* **WHAT YOU HAVE TO DO**
Report all lines of the records that contain "Ribbon".

* **MATERIAL SHOWN**
□ □ □ □ □

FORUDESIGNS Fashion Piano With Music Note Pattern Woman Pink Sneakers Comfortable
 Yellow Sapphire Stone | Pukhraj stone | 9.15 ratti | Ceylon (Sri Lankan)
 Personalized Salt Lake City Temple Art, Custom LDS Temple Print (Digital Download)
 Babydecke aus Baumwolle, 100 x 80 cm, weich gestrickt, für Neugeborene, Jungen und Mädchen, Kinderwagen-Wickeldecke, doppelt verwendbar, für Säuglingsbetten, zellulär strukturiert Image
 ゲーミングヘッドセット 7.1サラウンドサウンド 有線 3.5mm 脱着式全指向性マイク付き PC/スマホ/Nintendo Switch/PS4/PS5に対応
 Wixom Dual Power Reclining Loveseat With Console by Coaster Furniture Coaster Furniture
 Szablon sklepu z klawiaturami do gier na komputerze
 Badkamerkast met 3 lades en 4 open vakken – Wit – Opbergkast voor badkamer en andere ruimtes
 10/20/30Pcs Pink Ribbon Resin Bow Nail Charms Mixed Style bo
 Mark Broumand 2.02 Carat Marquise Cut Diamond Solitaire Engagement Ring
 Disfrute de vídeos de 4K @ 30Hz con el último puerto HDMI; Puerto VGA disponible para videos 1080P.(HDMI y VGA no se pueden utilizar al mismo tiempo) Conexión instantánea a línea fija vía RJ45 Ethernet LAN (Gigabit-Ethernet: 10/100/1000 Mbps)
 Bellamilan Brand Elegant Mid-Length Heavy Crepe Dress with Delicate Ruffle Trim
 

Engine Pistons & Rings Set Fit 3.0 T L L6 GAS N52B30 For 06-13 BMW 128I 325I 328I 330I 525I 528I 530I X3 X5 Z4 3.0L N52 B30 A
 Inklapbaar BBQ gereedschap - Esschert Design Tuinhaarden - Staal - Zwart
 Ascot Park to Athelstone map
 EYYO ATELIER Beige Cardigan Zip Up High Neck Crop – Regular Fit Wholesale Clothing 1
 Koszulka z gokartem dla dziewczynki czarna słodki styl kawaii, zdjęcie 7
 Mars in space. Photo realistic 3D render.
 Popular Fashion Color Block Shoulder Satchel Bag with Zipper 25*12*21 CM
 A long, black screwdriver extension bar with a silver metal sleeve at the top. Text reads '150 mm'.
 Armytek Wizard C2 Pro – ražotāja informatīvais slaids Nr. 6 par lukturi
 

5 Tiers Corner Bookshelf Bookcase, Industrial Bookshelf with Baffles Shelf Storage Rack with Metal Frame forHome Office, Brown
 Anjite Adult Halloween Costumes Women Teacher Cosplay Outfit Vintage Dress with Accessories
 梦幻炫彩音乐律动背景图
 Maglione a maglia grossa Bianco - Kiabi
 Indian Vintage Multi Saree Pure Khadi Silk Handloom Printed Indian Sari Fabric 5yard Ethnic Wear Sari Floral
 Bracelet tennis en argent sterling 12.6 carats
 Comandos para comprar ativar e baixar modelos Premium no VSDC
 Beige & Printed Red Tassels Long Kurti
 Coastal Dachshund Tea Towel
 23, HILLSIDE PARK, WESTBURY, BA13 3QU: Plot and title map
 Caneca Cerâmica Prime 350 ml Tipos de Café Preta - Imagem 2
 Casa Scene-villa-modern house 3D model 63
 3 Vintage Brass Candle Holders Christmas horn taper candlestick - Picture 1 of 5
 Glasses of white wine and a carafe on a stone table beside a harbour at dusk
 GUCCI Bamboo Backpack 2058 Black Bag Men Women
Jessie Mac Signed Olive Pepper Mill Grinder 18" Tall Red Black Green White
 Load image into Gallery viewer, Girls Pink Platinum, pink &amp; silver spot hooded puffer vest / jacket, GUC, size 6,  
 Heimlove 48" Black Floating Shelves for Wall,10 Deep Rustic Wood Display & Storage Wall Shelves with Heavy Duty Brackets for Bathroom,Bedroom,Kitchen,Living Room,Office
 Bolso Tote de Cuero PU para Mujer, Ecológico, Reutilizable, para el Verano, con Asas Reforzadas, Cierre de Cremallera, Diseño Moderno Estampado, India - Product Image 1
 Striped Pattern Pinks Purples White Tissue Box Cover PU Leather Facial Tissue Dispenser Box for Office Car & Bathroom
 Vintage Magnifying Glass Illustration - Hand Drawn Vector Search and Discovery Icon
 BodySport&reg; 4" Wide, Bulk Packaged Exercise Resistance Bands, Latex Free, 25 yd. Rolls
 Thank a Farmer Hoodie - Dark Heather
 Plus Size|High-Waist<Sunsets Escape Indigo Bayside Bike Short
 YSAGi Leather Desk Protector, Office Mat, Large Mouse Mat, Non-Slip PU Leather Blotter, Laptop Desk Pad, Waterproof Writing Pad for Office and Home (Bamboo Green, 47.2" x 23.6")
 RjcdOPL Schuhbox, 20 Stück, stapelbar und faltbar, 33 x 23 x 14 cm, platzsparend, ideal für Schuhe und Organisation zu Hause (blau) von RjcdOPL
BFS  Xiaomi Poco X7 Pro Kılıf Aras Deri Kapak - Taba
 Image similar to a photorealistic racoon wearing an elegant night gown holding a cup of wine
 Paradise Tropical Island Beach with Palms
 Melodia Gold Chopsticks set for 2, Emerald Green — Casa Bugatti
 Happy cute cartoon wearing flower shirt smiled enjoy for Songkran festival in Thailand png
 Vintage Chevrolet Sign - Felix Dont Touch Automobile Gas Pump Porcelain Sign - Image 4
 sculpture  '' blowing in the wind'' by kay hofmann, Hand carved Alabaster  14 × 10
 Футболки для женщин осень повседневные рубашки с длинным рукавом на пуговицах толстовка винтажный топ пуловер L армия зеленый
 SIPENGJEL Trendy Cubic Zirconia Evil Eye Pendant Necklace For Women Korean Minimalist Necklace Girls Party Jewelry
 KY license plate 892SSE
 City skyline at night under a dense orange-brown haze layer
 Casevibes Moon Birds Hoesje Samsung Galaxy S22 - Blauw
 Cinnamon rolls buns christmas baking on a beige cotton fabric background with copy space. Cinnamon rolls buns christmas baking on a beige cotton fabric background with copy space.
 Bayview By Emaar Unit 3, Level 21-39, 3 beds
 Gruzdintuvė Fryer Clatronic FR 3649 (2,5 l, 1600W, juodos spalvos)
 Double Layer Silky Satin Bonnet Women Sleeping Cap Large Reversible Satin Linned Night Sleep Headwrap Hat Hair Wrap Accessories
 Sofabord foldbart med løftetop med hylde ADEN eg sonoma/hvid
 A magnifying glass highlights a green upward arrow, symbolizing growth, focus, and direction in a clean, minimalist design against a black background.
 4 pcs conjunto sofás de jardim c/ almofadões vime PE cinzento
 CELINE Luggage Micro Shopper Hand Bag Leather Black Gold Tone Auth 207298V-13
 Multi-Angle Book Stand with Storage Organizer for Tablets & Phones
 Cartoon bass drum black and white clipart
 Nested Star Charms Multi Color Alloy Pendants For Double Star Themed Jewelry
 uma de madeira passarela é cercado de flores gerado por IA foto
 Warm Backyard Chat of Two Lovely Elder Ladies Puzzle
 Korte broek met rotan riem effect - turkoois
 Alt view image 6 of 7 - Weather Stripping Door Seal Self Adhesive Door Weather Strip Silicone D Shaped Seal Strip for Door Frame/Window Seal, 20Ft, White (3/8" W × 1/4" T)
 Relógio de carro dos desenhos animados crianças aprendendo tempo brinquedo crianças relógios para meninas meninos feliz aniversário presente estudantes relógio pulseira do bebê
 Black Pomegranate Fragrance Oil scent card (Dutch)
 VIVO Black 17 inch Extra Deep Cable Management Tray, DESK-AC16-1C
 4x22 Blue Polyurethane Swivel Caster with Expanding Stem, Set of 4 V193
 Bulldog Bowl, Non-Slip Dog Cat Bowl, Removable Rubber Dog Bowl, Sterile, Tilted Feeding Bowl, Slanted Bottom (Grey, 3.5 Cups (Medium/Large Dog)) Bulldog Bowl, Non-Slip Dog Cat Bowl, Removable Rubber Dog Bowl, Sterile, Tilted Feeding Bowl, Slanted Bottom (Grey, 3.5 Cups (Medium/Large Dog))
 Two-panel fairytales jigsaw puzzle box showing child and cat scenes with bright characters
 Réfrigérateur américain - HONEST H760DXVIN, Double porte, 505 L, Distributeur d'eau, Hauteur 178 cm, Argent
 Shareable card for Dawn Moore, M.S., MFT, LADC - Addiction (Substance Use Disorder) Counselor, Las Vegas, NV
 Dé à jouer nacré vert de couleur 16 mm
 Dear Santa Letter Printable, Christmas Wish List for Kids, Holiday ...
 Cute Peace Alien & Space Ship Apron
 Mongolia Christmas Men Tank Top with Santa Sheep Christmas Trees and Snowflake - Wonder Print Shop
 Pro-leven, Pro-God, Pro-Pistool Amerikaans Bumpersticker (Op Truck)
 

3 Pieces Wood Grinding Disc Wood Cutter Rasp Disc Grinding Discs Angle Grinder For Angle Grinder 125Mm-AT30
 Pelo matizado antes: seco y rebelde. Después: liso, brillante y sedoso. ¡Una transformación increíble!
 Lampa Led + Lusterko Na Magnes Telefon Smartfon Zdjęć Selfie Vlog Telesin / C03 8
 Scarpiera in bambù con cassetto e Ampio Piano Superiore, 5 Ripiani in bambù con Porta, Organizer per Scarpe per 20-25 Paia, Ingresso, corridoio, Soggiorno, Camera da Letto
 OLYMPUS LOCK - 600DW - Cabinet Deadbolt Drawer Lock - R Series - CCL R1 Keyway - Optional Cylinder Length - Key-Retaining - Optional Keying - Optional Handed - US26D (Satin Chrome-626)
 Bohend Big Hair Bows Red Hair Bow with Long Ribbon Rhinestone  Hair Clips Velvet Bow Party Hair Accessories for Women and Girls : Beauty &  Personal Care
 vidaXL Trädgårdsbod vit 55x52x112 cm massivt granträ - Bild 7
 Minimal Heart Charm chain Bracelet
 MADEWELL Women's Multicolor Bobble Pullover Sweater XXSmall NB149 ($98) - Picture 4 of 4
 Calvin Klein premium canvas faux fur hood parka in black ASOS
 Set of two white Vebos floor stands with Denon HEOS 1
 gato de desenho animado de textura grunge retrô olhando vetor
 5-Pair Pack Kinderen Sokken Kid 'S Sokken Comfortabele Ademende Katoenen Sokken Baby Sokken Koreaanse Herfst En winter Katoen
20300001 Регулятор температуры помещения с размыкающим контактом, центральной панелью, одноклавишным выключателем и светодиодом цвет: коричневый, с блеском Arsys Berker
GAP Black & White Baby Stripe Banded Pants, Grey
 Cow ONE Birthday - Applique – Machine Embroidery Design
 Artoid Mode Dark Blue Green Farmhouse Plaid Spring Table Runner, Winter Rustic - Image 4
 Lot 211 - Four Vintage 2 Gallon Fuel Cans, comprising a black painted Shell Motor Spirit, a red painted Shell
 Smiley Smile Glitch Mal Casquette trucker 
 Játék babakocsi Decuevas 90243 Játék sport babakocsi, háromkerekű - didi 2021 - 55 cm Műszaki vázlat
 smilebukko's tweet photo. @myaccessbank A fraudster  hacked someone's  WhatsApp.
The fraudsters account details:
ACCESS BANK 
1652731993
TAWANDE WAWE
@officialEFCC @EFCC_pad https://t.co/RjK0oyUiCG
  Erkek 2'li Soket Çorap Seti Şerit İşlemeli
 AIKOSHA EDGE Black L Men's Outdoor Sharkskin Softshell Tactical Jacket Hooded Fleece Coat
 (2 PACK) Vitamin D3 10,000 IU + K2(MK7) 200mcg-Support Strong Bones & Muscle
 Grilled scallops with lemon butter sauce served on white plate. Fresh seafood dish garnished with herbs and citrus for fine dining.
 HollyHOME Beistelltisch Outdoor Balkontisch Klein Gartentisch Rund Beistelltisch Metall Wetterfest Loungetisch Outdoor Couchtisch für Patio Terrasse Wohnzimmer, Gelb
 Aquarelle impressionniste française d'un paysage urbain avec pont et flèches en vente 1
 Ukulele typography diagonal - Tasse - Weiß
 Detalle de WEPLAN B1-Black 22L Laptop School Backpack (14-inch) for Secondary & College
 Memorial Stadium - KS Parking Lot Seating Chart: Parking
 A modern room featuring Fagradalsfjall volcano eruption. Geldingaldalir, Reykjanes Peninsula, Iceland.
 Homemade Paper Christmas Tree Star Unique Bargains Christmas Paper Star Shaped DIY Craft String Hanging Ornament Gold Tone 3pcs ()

□ □ □ □ □

* **ANSWER AREA**
 10/20/30Pcs Pink Ribbon Resin Bow Nail Charms Mixed Style bo
 Bohend Big Hair Bows Red Hair Bow with Long Ribbon Rhinestone  Hair Clips Velvet Bow Party Hair Accessories for Women and Girls : Beauty &  Personal Care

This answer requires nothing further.